Bypass bottlenecks: Validate your project idea through internal pitches

You may feel excited about starting work on your new project idea, crunching numbers to prove the business case and validating your idea in the field with a pilot project. However, you may quickly find yourself entangled in a jungle of dependencies — involving other departments and vendors — spending months just trying to prove that your idea is worth pursuing, all while losing precious time to pivot or fail fast.

Another way of implementing Daniel Priestley’s CAOS concept in a corporate environment is to present your project directly to potential internal customers to gauge interest and feedback without actually building anything in the first place.

In his book "Key Person of Influence", Priestley introduces the CAOS model — standing for Create, Audience, Offer, and Sales — as a way to test and validate ideas with minimal investment. While the concept is designed with entrepreneurship in mind, its core principle is equally powerful within corporate structures. Especially in companies where executing an idea often means dealing with legacy systems, strict governance, or cross-departmental sign-offs, CAOS offers a leaner alternative.

Instead of diving into resource-intensive planning or waiting for approvals, you can flip the script:

  • Create a compelling narrative or prototype (even a simple slide deck or a clickable mockup).
  • Pitch it to an internal audience — colleagues in other departments who would actually use or benefit from the solution.
  • Position a hypothetical offer: “If we had this solution, would you use it?”
  • Use the resulting interest and feedback to simulate sales, refining your approach and generating internal momentum.

This strategy helps you identify whether there's real demand inside the organization before you involve IT, legal, procurement, or external partners.

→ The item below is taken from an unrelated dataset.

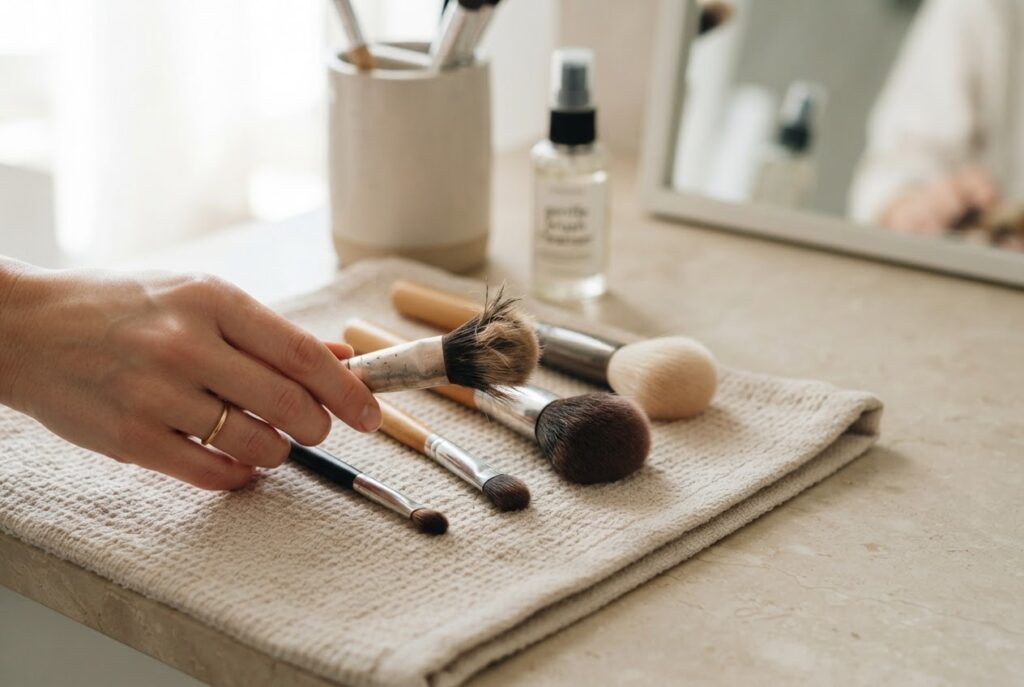 Realistic photo for Wann sollte man Make-up-Pinsel ersetzen?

And it saves you from the classic trap of “build it and hope they come.”

Why internal pitching works in corporate settings

Corporates often talk about innovation but rarely provide the environment for fast failure or iterative growth. A polished internal pitch lets you:

  • Validate desirability before investing in feasibility or viability.
  • De-risk the project by showing early buy-in from departments that would otherwise block or delay rollout.
  • Gather social proof and champions internally to strengthen your case when it’s time to scale the idea.

It’s a mini-market test within your own walls — without waiting for funding cycles or lengthy steering committee meetings.

Case example: From pitch to pilot in two weeks

At a previous employers, a colleague had the idea to automate a recurring reporting process across multiple plants. Instead of jumping into development, he built a five-slide pitch deck: outlining the problem, the proposed solution, and a clickable no-code prototype. He presented it informally to three plant managers and asked, “Would this save your team time?”

The response was unanimous: “Yes — and we’d help test it.” With that validation, he secured internal backing, fast-tracked the IT discussion, and had a working pilot running two weeks later.

No budget approvals. No six-month planning phase. Just a simple internal pitch that hit the right nerve.

How to run your first internal pitch

  1. Clarify the problem you’re solving — preferably one that already exists in someone else’s backlog.
  2. Build a lightweight narrative — slide deck, mockup, or screen recording is enough.
  3. Identify internal stakeholders — real users, not just decision-makers.
  4. Ask for feedback, not funding — frame it as a “what if we could…” scenario.
  5. Capture interest — who would want to test or champion this?
  6. Refine the idea — based on objections, use cases, or alternative needs you uncover.

Internal pitches aren’t about pushing your idea — they’re about inviting others to see value in it before it exists.